::: THE DATA
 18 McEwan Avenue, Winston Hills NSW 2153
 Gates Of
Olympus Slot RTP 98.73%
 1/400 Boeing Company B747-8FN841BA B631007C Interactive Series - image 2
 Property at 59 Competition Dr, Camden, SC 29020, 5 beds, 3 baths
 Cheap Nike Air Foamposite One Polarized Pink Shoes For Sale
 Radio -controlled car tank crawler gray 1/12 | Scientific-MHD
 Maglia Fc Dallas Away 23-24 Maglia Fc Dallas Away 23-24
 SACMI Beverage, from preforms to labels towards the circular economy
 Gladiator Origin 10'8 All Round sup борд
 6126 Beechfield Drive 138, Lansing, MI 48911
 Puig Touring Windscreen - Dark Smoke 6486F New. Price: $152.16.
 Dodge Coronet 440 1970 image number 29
::::::
::: THE DATA
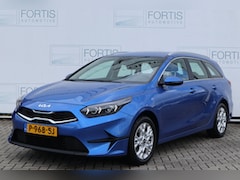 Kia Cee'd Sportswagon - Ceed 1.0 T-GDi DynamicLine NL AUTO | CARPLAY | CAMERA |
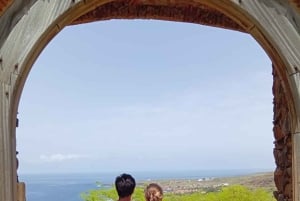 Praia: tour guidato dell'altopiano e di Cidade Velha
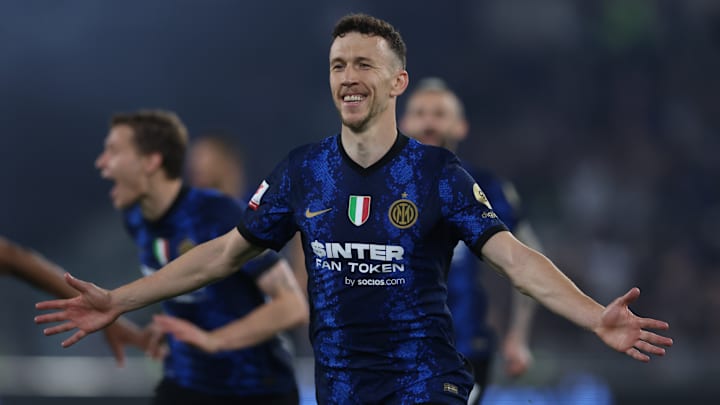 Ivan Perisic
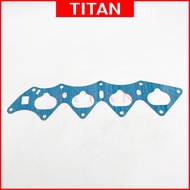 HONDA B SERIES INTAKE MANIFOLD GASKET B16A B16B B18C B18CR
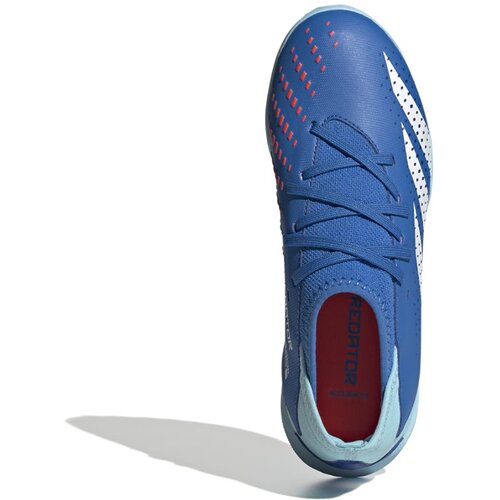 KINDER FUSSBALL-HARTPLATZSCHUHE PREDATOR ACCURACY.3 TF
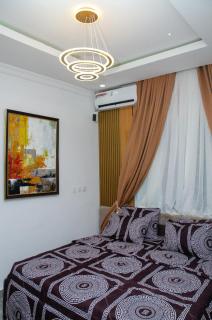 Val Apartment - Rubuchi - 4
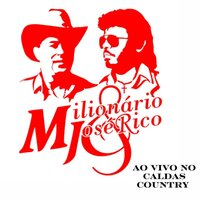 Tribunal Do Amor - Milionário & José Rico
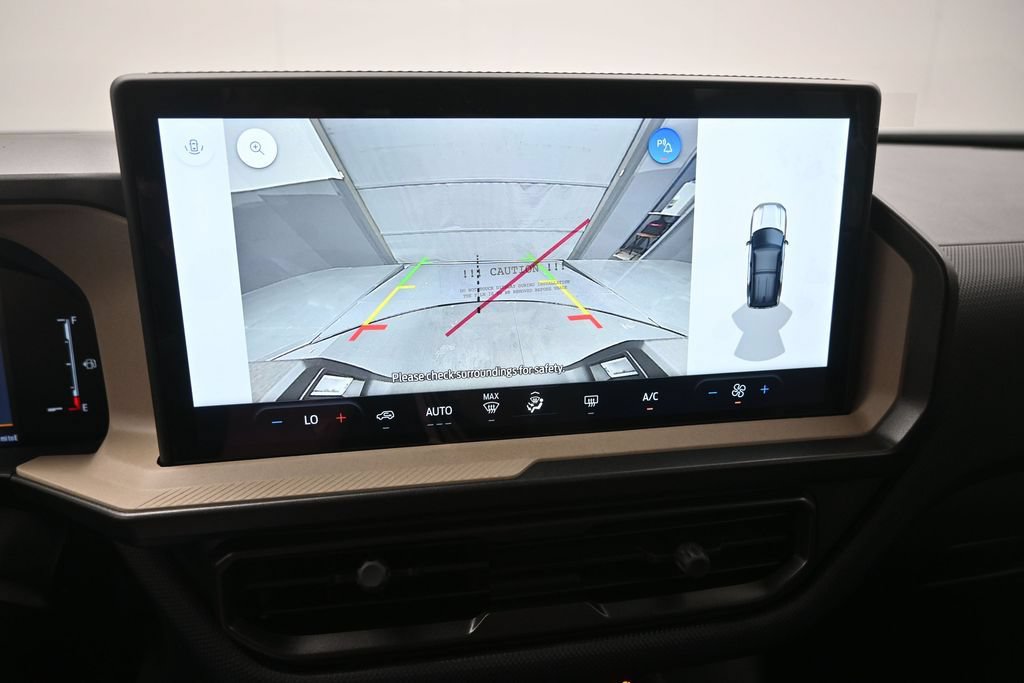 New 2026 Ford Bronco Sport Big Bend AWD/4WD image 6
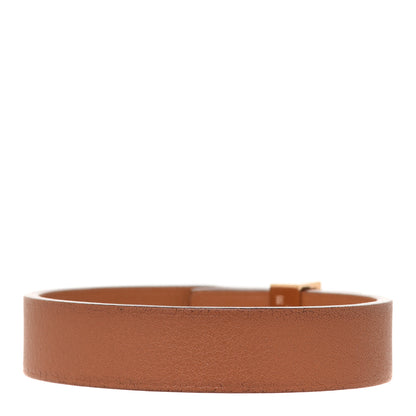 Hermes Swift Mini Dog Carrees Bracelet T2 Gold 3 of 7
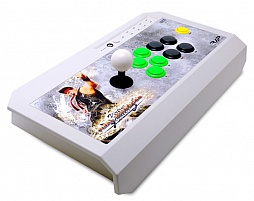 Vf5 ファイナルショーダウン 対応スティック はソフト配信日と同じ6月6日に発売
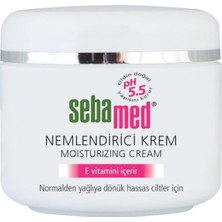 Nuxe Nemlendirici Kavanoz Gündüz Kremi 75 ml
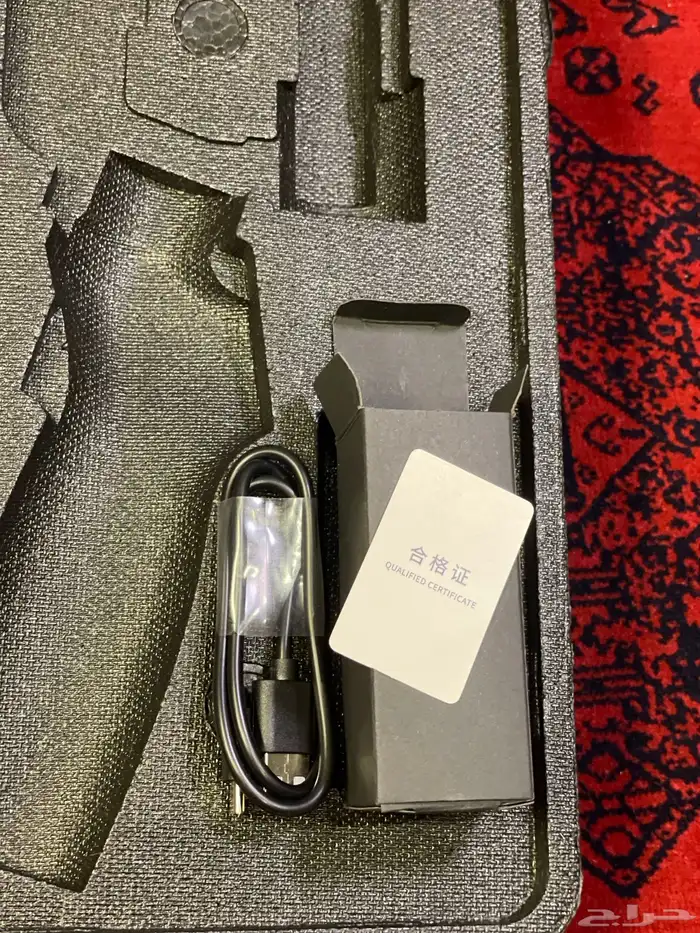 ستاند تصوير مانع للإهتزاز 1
::::::
- [EXERCISE OBJECTIVE] Give back the records above exactly, limited to the lines between the one holding "18 McEwan Avenue, Winston Hills NSW 2153" and the one holding "SACMI Beverage, from", inclusive.

- [COMPLETED TASK]
 18 McEwan Avenue, Winston Hills NSW 2153
 Gates Of
Olympus Slot RTP 98.73%
 1/400 Boeing Company B747-8FN841BA B631007C Interactive Series - image 2
 Property at 59 Competition Dr, Camden, SC 29020, 5 beds, 3 baths
 Cheap Nike Air Foamposite One Polarized Pink Shoes For Sale
 Radio -controlled car tank crawler gray 1/12 | Scientific-MHD
 Maglia Fc Dallas Away 23-24 Maglia Fc Dallas Away 23-24
 SACMI Beverage, from preforms to labels towards the circular economy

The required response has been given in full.